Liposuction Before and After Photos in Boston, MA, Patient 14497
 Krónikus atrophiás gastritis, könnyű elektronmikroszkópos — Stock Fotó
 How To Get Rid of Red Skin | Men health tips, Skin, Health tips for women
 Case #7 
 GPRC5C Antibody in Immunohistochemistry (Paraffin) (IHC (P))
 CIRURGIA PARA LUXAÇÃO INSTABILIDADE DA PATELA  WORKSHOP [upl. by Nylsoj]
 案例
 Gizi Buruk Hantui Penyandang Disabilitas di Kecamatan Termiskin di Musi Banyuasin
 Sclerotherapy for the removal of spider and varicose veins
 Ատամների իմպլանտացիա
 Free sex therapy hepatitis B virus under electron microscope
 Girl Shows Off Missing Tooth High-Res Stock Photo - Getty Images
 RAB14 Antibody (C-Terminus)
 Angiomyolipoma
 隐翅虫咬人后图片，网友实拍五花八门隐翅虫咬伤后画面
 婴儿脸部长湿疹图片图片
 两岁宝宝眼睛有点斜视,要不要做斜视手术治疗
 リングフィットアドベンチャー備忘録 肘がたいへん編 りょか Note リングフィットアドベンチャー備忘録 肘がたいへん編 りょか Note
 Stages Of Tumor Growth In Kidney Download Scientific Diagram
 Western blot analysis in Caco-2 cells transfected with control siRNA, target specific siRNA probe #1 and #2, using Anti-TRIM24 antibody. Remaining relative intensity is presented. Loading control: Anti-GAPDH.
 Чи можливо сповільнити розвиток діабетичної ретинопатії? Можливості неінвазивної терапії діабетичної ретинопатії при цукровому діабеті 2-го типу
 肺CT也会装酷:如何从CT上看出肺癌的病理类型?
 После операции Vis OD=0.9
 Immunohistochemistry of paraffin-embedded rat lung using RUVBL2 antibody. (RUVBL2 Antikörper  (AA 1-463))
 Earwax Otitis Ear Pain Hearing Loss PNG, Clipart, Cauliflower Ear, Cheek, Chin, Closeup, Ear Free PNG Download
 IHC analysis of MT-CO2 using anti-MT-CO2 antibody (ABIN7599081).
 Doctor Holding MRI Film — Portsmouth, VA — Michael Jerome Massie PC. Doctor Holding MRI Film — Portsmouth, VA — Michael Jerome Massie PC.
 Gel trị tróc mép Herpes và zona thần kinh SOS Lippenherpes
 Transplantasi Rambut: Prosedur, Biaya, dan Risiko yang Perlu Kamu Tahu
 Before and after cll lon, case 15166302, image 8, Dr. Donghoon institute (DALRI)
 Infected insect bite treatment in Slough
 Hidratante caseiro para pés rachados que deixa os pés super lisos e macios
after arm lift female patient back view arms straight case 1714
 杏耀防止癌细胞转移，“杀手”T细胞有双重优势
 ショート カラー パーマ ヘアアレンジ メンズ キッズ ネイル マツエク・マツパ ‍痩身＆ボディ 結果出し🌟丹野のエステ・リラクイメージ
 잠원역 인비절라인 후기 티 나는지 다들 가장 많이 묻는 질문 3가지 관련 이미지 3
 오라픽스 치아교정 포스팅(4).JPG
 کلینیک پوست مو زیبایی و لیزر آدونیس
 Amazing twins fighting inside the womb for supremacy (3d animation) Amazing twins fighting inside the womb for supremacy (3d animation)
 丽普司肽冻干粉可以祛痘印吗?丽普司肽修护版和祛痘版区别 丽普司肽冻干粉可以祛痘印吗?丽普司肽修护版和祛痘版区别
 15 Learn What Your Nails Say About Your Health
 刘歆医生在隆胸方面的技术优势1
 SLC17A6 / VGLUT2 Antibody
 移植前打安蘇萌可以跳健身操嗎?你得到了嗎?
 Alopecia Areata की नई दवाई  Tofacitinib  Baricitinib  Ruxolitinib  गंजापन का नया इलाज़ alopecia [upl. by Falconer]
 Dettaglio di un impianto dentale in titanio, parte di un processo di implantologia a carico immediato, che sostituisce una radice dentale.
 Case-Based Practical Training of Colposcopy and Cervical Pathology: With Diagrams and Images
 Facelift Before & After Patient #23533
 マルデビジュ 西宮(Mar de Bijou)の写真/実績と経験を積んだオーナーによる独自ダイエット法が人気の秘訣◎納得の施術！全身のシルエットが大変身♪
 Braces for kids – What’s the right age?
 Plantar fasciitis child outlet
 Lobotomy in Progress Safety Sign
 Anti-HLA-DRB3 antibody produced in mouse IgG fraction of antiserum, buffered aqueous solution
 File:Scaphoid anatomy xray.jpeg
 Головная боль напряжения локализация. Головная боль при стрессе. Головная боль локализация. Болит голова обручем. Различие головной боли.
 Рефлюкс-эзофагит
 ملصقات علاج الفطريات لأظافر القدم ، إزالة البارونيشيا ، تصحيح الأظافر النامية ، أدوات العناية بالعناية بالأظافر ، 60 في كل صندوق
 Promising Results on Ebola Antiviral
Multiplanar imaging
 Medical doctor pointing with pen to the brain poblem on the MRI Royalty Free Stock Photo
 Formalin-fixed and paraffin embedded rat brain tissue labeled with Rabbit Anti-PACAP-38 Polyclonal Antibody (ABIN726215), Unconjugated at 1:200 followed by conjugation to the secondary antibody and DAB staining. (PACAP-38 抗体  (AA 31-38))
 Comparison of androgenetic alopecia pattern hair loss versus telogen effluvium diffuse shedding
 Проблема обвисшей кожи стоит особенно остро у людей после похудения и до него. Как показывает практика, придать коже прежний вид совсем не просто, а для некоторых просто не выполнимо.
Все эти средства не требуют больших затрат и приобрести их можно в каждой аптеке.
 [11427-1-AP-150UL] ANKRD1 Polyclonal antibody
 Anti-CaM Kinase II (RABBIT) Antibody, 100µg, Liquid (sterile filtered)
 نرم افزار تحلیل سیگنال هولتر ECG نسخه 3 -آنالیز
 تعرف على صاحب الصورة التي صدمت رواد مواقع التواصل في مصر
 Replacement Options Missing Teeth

★ ★ ★

Repeat every line exactly, starting with the first line of the entries, and stop once the line containing "GPRC5C Antibody in" has been given.

(EXERCISE ANSWER)
Liposuction Before and After Photos in Boston, MA, Patient 14497
 Krónikus atrophiás gastritis, könnyű elektronmikroszkópos — Stock Fotó
 How To Get Rid of Red Skin | Men health tips, Skin, Health tips for women
 Case #7 
 GPRC5C Antibody in Immunohistochemistry (Paraffin) (IHC (P))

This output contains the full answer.